When the Atlanta Falcons traded away a handful of draft picks last year to grab Julio Jones in the first round, I questioned the move. I knew then that it was not only going to severely affect last year’s draft, but the 2012 draft as well. The question is, can Julio Jones play defense in the secondary, or protect Matt Ryan on the offensive line, or return punts and kickoffs? Because those are all areas where the Falcons are severely hurting, and if Jones can’t do those jobs then Atlanta is going to have a tough time filling some of those gaps given the limited draft picks they have available this year. While Jones was a good acquisition and is an impact player, the Falcons may have overplayed their hand and left themselves in a rather precarious position.

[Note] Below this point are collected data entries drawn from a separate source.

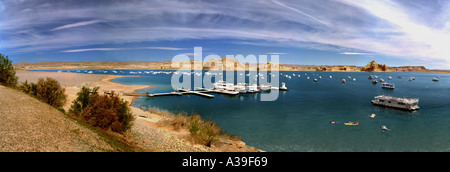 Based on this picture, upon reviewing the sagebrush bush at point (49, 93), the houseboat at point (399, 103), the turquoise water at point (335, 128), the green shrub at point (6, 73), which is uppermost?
the green shrub at point (6, 73)

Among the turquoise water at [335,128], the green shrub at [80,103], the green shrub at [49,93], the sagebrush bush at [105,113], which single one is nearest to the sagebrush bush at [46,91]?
the green shrub at [49,93]

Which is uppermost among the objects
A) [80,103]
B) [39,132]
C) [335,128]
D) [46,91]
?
[46,91]

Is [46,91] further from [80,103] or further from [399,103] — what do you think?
[399,103]

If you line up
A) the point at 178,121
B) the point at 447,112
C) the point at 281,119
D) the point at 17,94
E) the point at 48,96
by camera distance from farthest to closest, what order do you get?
the point at 447,112
the point at 281,119
the point at 178,121
the point at 48,96
the point at 17,94

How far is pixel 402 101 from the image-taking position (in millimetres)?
33500

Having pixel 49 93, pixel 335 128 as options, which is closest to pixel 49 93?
pixel 49 93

Now that the free agent frenzy has ended, and teams are now preparing for the draft, the Falcons may be starting to see the domino effect last year’s big move is having. Falcons general manager Thomas Dimitroff has taken a “stand pat” position this off-season it would seem, and given the history of the last two Super Bowl champions, that isn’t necessarily a bad thing. However with the departure of receiver/kick returner Eric Weems and middle linebacker Curtis Lofton, the shortcomings of the Falcons have not only been left unfilled, but have now been amplified. That doesn’t necessarily mean the Falcons can’t take a step forward, but it does mean that they’ll have to be very judicious in their draft picks this season. With so many positions that need to be either be upgraded or completely replaced, Atlanta finds themselves with more leaking holes in the dyke than they have fingers to plug them.

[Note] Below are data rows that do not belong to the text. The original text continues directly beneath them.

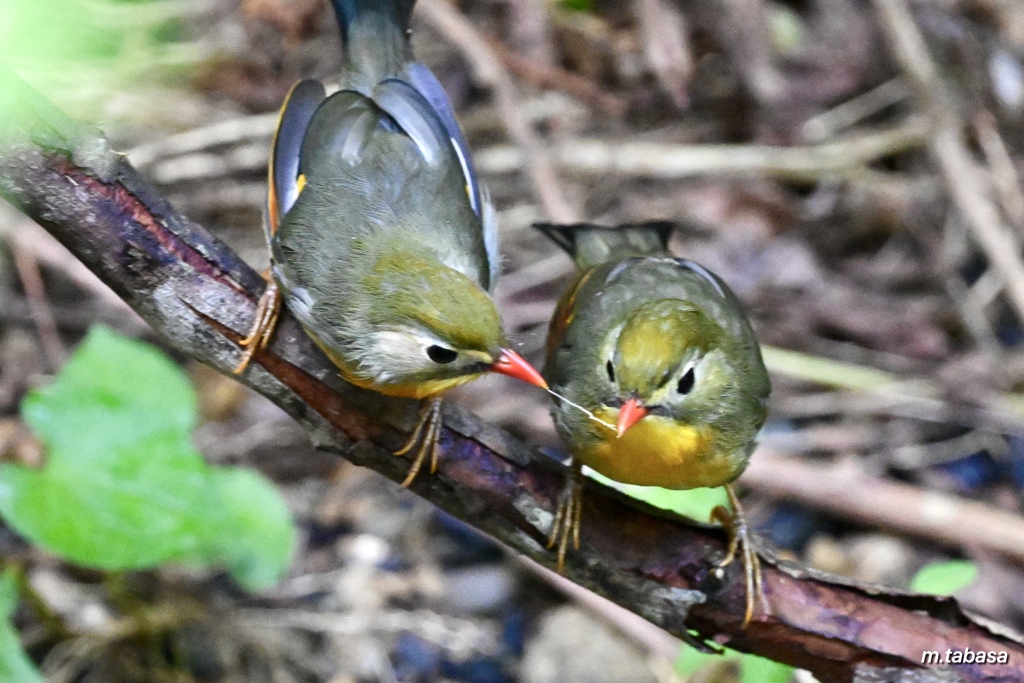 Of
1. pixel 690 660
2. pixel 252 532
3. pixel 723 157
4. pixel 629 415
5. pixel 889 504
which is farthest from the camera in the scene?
pixel 723 157

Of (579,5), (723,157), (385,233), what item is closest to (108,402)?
(385,233)

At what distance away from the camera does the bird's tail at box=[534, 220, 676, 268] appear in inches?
126

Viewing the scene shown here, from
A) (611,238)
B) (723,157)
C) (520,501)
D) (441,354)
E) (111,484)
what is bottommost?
(111,484)

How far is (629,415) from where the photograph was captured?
2.37 m

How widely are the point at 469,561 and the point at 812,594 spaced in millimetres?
2041

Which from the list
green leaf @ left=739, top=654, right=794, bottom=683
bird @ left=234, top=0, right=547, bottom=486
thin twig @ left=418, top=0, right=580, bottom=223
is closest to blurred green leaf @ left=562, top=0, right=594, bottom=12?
thin twig @ left=418, top=0, right=580, bottom=223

The problem I have with the entire situation is, why go after a player like Julio Jones after a 13-3 season and a first round playoff exit? I know Thomas Dimitroff had to see more issues on the field than lack of production from the receivers during that loss to the Green Bay Packers in the 2010 playoffs, so why were those not addressed first? When watching tapes of that Green Bay game, and the 2011 playoff loss to the New York Giants, the issues I saw weren’t with the inability of receivers to get open, but more with the lack of time for Matt Ryan to get set and throw the ball. The failings of the offensive line, and of the defensive secondary were the biggest culprits in Atlanta’s embarrassing playoff losses in the last two years.

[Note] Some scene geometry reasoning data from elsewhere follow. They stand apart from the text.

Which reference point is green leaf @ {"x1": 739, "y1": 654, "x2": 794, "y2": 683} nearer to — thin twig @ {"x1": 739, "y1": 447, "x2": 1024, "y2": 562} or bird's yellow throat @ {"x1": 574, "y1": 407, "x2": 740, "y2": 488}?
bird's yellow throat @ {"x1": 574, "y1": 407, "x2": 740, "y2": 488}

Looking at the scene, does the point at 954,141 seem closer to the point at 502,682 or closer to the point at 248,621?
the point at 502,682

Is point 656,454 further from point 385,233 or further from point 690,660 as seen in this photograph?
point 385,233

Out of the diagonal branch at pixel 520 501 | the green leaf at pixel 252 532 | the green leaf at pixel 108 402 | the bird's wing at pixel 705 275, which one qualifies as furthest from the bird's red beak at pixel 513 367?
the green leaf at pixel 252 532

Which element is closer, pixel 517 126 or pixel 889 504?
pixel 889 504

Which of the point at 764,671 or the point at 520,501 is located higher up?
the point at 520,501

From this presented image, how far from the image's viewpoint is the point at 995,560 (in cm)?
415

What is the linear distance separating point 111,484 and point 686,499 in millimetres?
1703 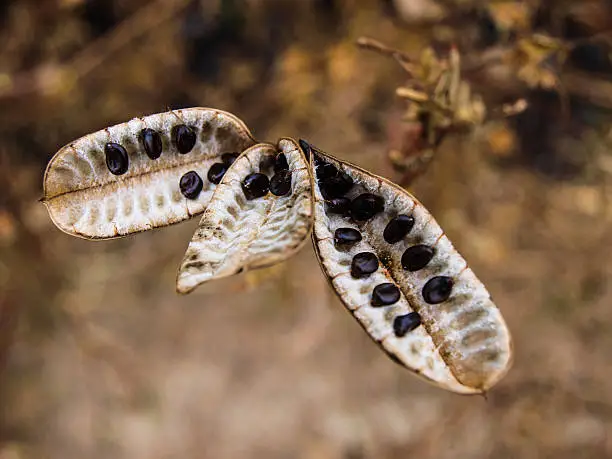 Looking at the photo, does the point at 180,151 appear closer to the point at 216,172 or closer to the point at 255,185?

Now you’ve leveraged the draft for two seasons, and still have yet to truly address the problems that were holding you back. If Atlanta is banking on the two new coordinators being able to coach the existing personnel into playing better, history shows that’s a difficult path to follow. Changing coordinators can disrupt the consistency and rhythm that a team has developed on either side of the ball, and the Falcons have just shaken things up on both sides. You are not only asking newly tapped coordinators Dirk Koetter and Mike Nolan to try to get blood from a stone, but to keep those stones from tumbling downhill as they rearrange them. All of this without adding any significant players via free agency, and without a first round draft choice to have an impact. Tough sledding indeed.
The good news is that last year’s Super Bowl champion New York Giants followed a similar path. When they let starting receiver Steve Smith leave town for the rival Philadelphia Eagles, and popular tight end Kevin Boss to the Oakland Raiders, the fans were calling for blood from Giants front office. They also had a quarterback who’s ability was being questioned in Eli Manning after his sub-par 2010 season. (Sound familiar Atlanta fans?) But the Giants started clicking late in the season, and emerging stars Victor Cruz and Jake Ballard proved to be huge difference makers, helping to carry them to a Super Bowl victory. The Falcons have some young talent on defense that will have to step up and take over games if they hope to repeat the Giants late season run from last year – either that or Julio Jones is going to have to become the greatest 3-way player in team history.